Open Data Must be Distributed via HTTPS

18 November 2015

HTTP is being replaced by HTTPS. The default has changed. The newly-released HTTP/2 standard is being implemented almost exclusively over HTTPS, which will leave HTTP as a legacy standard. Firefox and Chrome are both deprecating HTTP.

Government is following suit. With M-15-13, the White House has declared that “all browsing activity should be considered private and sensitive” (their emphasis), including APIs. Federal agencies have a deadline of December 31, 2016 to introduce HTTPS and eliminate HTTP.

Following the lead of the federal government, it’s time to make HTTPS the new standard for data published by state and local governments, too. This is for two main reasons:

  1. Using HTTPS protects the privacy of people accessing that data, e.g., a woman downloading a list of shelters for abused women in her area.
  2. HTTPS ensures that data cannot be altered in transit. This is not a hypothetical concern: proxies, including ISPs and public WiFi hotspots, sometimes change data before delivering it to the client. Protecting data with HTTPS makes it impossible to alter.
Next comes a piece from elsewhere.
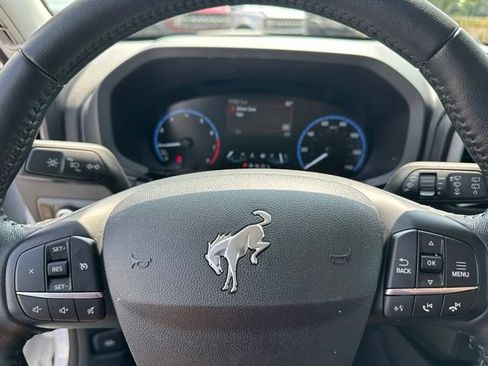 Used 2023 Ford Bronco Sport Big Bend w/ Convenience Package AWD/4WD image 21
Also, data integrity is an important issue to some folks in government, who worry that people wind up with altered, inaccurate copies of data, and so they object to publishing data at all if there’s no verification method. HTTPS addresses this by ensuring that the data that is published on the internet is the data that people receive when they download it.

Vendors of data repository software, especially those who provide hosted solutions, can make a strong impact here. They’re in a position to add this feature for their clients, at a trivial cost. But for data outside of a repository, scattered around various websites, this poses a challenge. But it’s also a good incentive to for governments to centralize those scattered datasets on a centralized, HTTPS-enabled data repository. The inexorable move to HTTPS for all internet traffic means that all straggling data will eventually be protected by HTTPS anyway—there is no scenario in which it’s forever transmitted without encryption.

Let’s not wait for open data to be dragged into the future by default. Instead, the sector should take the lead, assuring data publishers and consumers alike that data is confidential and unaltered.